Problem is, since that picture was taken, I've lost weight. Also, I've glasses
for reading and glasses for driving because I refuse to wear bifocals. So I
may not look like my photo. Add to that the ability of professional make up
artists to make people appear to be someone else and you get a bit of a
political thriller movie aspect to the whole picture thing.
Then, there's good old PhotoShop and similar software. So a picture is just
not that reliable. What a picture does add, however, is another layer to the
security onion. While this makes the picture valuable, it is of lesser value
that a driver's license and a passport. Of greatest value are real people
who are worthy of trust and actually have known you for a very long time.
Brief encounters at a key signing party are useful but are also of questionable value.
If I do not know you but I do know the person who signed your key and that person
knows you well and will vouch for you, therein is great value.

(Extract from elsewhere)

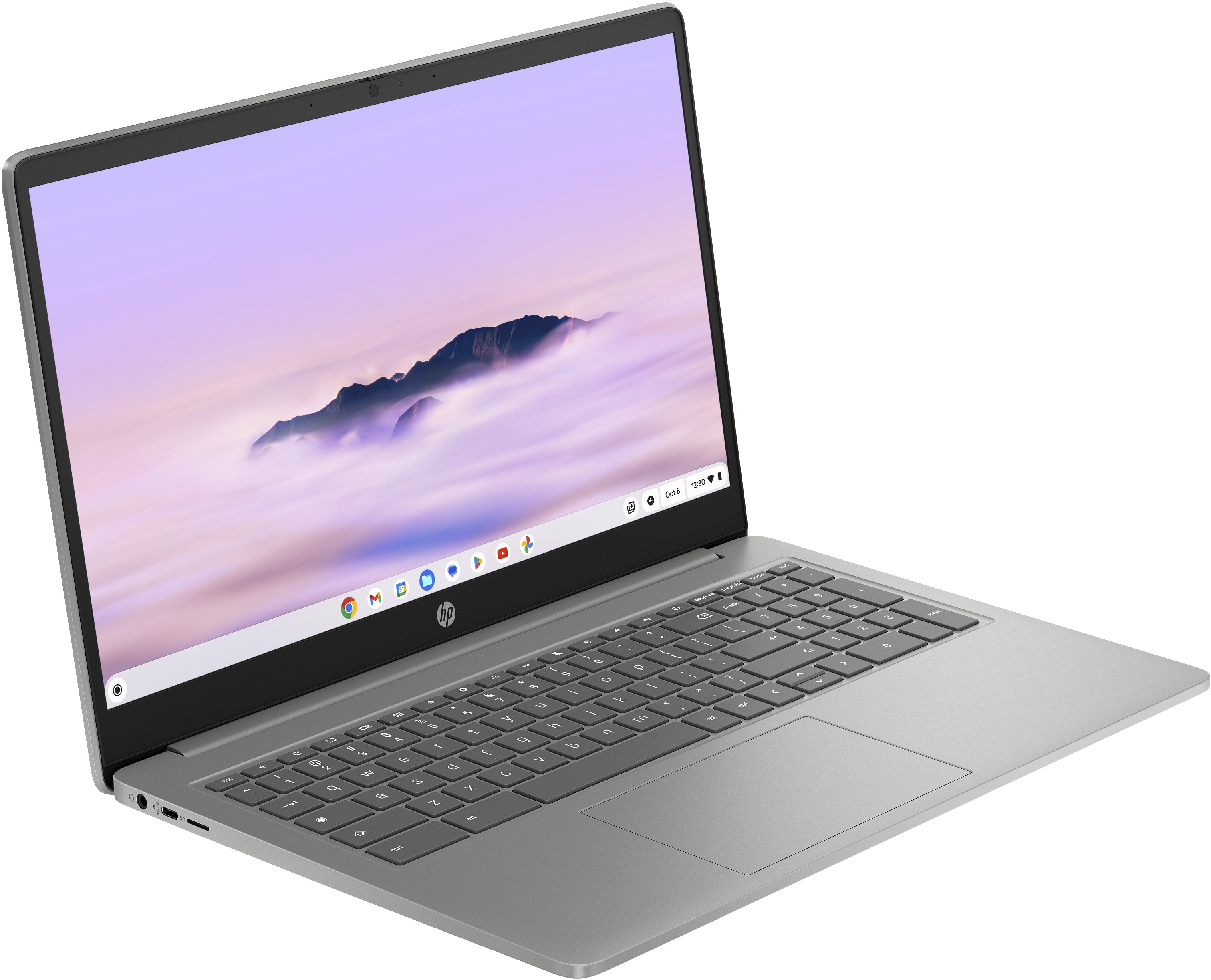 HP 15a-nb0033dx 15.6" FHD Chromebook Plus Laptop, Intel i3-N305, 3.80GHz, 8GB RAM, 128GB UFS, ChromeOS - 8D616UA#ABA (Certified Refurbished)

A worst case scenario is still possible: Bob's doctor, lawyer, dentist, and member
of parliament have all signed Bob's key. Bob has 616 additional signatures from
the 72 key signing parties that he's attended and hosted over the last 11.5 years.
The is no doubt that Bob's signature is valid. Unfortunately, through the application
of rubber hose cryptanalysis, Bob has revealed all prior to being embedded in concrete
overshoes and sent to the bottom of a lake.